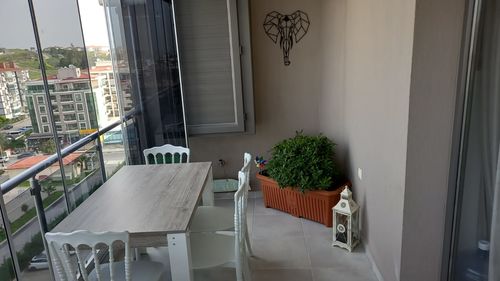 Customer photo review of Elephant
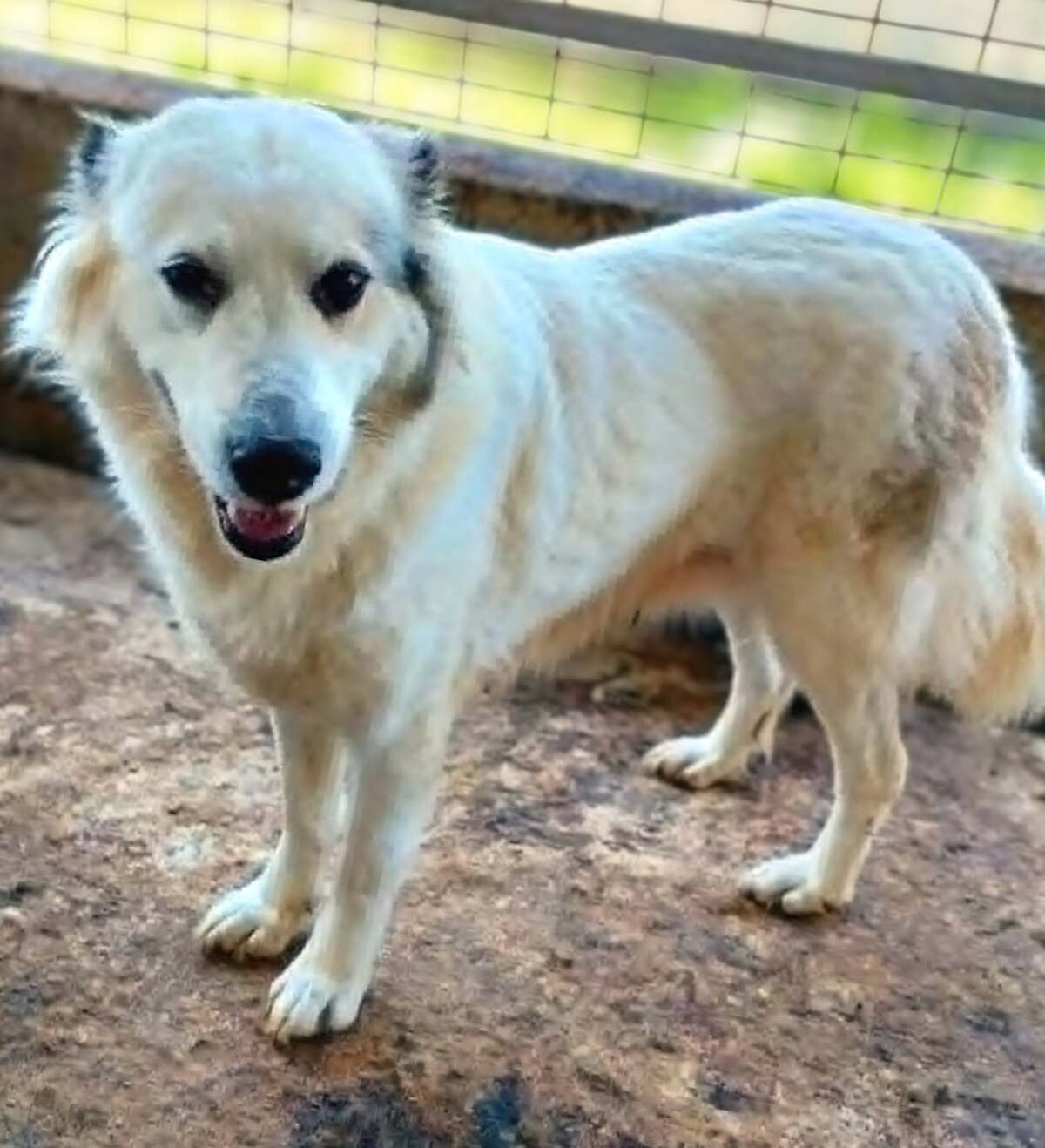 Adoption Nube
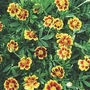 Tagetes patula nana Single Legion of Honour 1 packet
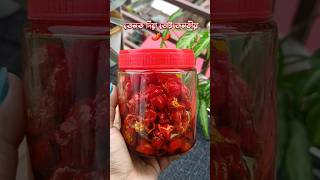 Bhut jolokia achar ghostchilli kingchilli assamesepickle assamesefood recipe cooking pickle [upl. by Laws]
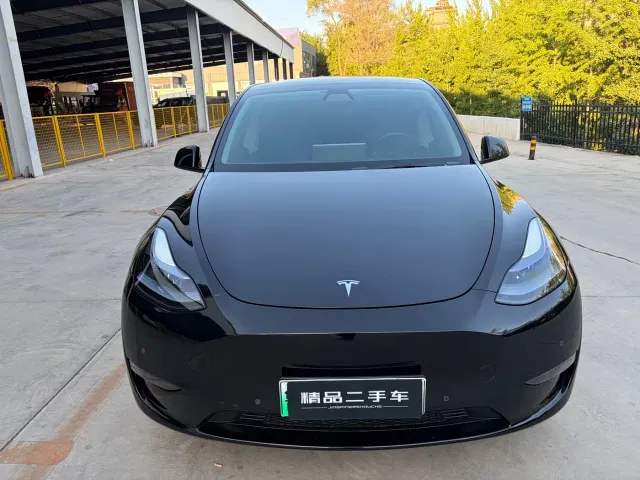 Tesla Model Y — Фото автомобиля 2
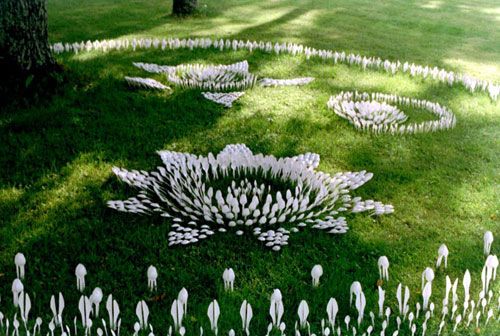 一次性餐具 拼出別樣藝術(shù)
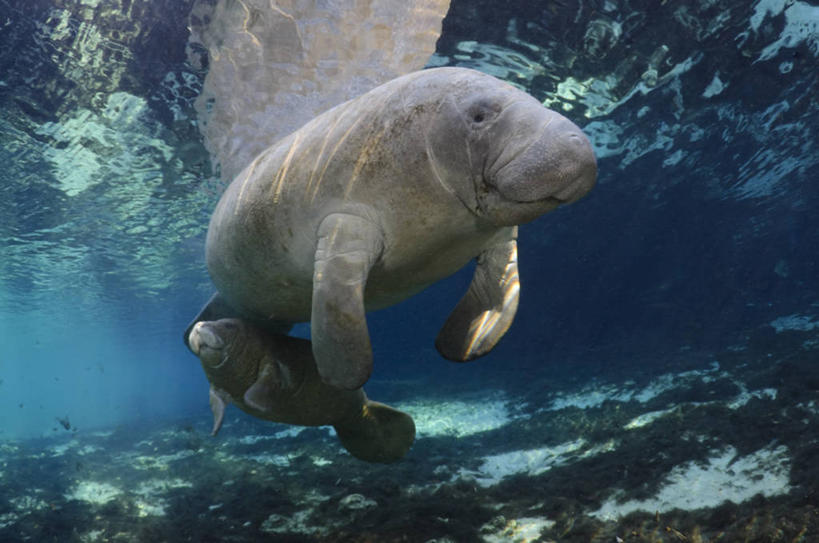 游泳,无人,横图,室外,白天,水下,海牛,美国,动物,两只,摄影,部分,北美,北美洲,关爱,美洲,佛罗里达,佛罗里达州,佛州,阳光州,北亚美利加洲,亚美利加洲,彩图,美利坚合众国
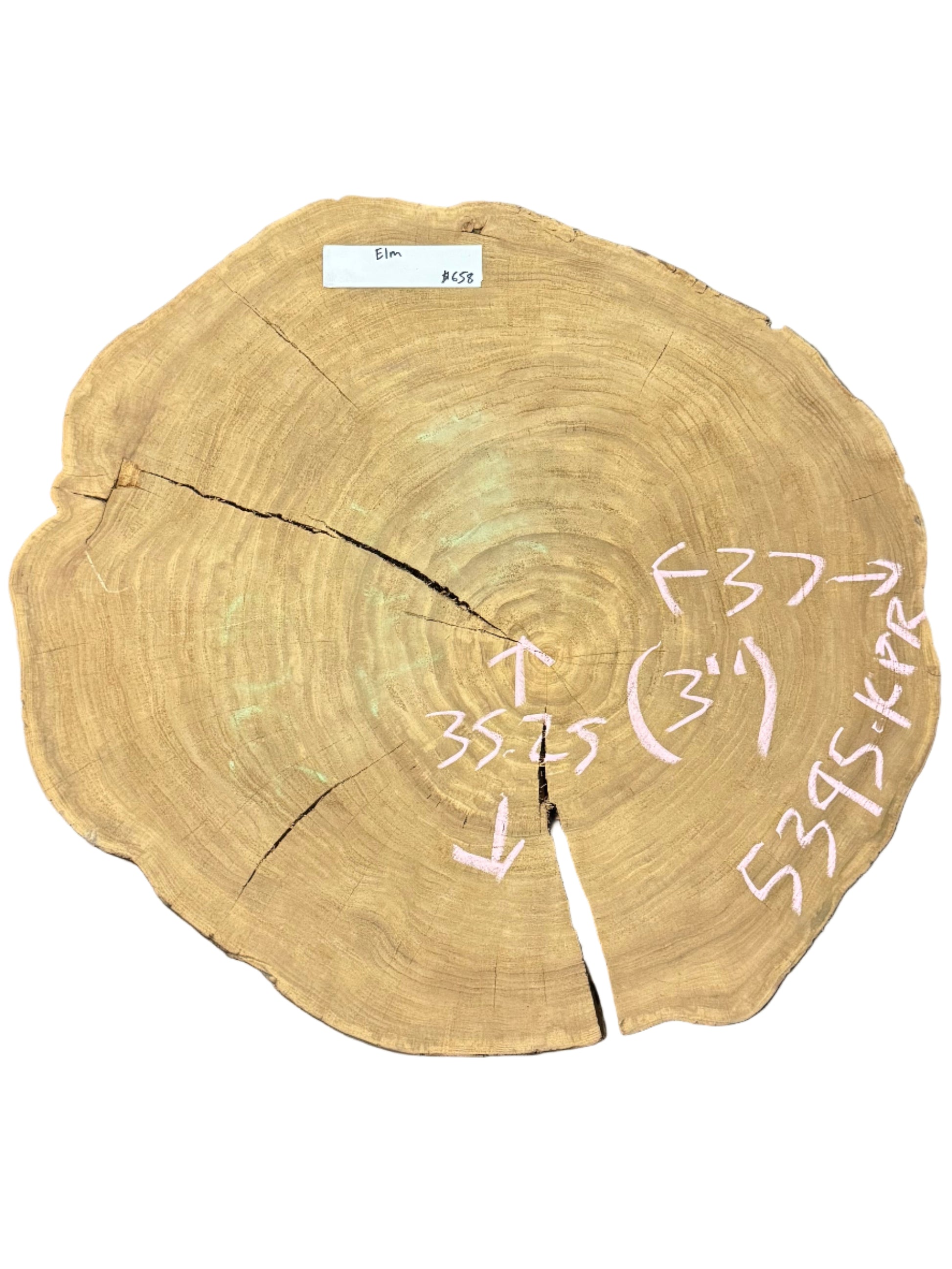 Elm cross cut cookie live edge slab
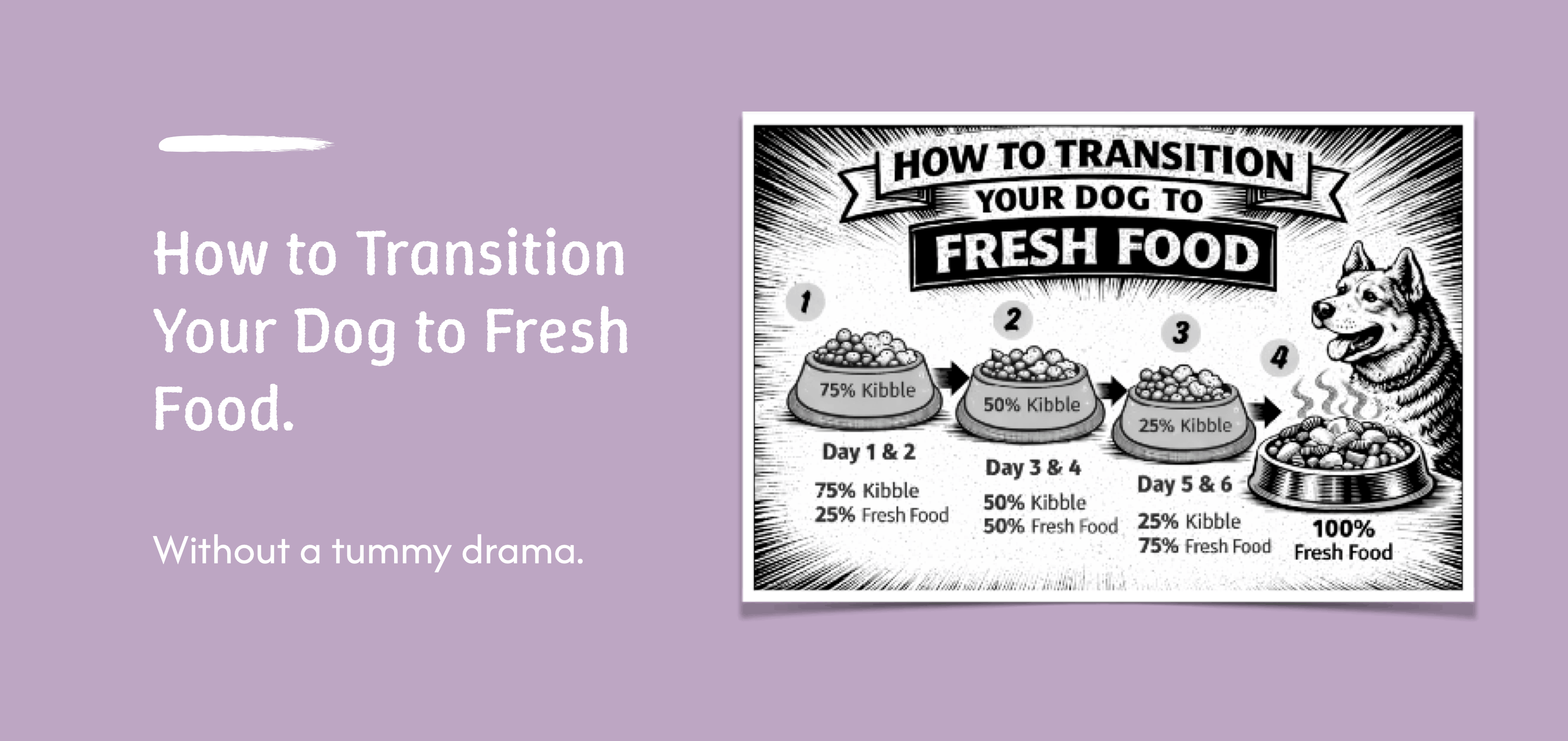 How to Transition Your Dog to Fresh Food  | Pet Nutrition | Maggie's Blogs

§

→ **Problem to solve**: Each entry above must be duplicated precisely; none of the pictures may be included.

→ **Completed exercise**:
 Customer photo review of Elephant
 Adoption Nube
 Tagetes patula nana Single Legion of Honour 1 packet
 Bhut jolokia achar ghostchilli kingchilli assamesepickle assamesefood recipe cooking pickle [upl. by Laws]
 Tesla Model Y — Фото автомобиля 2
 一次性餐具 拼出別樣藝術(shù)
 游泳,无人,横图,室外,白天,水下,海牛,美国,动物,两只,摄影,部分,北美,北美洲,关爱,美洲,佛罗里达,佛罗里达州,佛州,阳光州,北亚美利加洲,亚美利加洲,彩图,美利坚合众国
 Elm cross cut cookie live edge slab
 How to Transition Your Dog to Fresh Food  | Pet Nutrition | Maggie's Blogs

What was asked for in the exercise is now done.